Hydromagnetic Flow of Prandtl Nanofluid Past Cylindrical Surface with Chemical Reaction and Convective Heat Transfer Aspects

Abstract

Thermodynamical attributes of non-Newtonian fluids over stretched surfaces have gained pervasive essence due to extensive utilization in extruding plastic sheet procedures, liquid film condensation, glass blowing, paper production, biopolymer cylinder coatings, and so forth. So, currently communication is aimed to candidly explicate flow characteristic of Prandtl fluid generated by axial stretching of cylindrical surface. Mathematical modelling by using conservation laws of momentum, energy and concentration fields containing the aspects of magnetic field, convective heating, and chemical reaction are presented initially in the form of partial differential expressions. Later on, these attained PDEs are transmuted into nonlinear ordinary differential equations with implementation of similarity variables. Numerical approach renowned as shooting technique with improved coefficient of the Runge–Kutta (R–K) method by Cash and Karp is used to access accurate solution. Linear curved fitting analysis is also performed to analyze results. Influence of flow-controlling parameters on associated profiles is revealed through graphical visualization. Stream line plots representing flow behavior of Prandtl fluid versus different magnitudes of the curvature parameter are adorned.
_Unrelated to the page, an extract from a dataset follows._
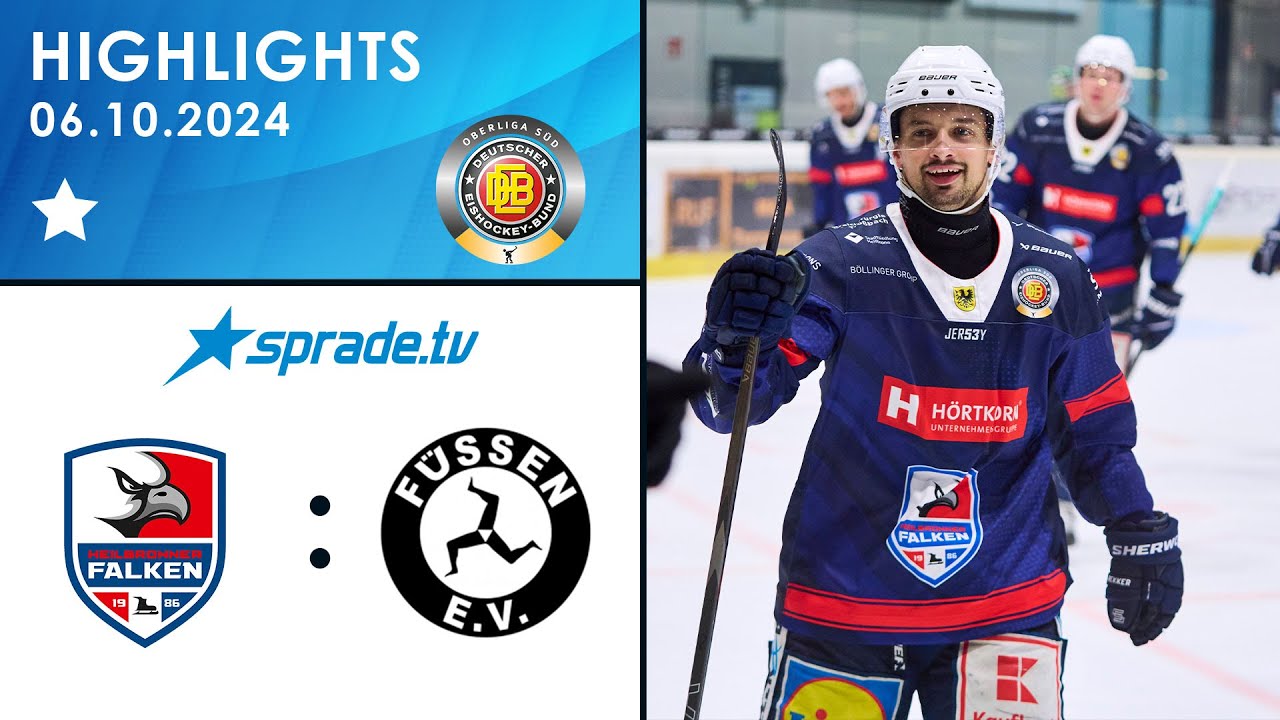 06.10.2024 - Highlights - Heilbronner Falken vs. EV Füssen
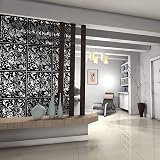16PCS Hanging Room Divider Screens 40x40cm PVC Black Decor Panels view 5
Variation in friction drag force at wall, heat flux, and concentration gradient are evaluated through numerical data and with interpolation of linear curved fittings. It is deduced from results that increasing curvature parameter momentum and temperature distributions enriches whereas skin-friction coefficient depicts reverse pattern. It is also inferred that temperature shows incrementing deviation in the absence of chemical reaction whereas concentration profiles exhibit reduction with consideration of influence of chemical reaction parameter. Magnetic field tends to reduce the velocity and create thinness of boundary layer thickness.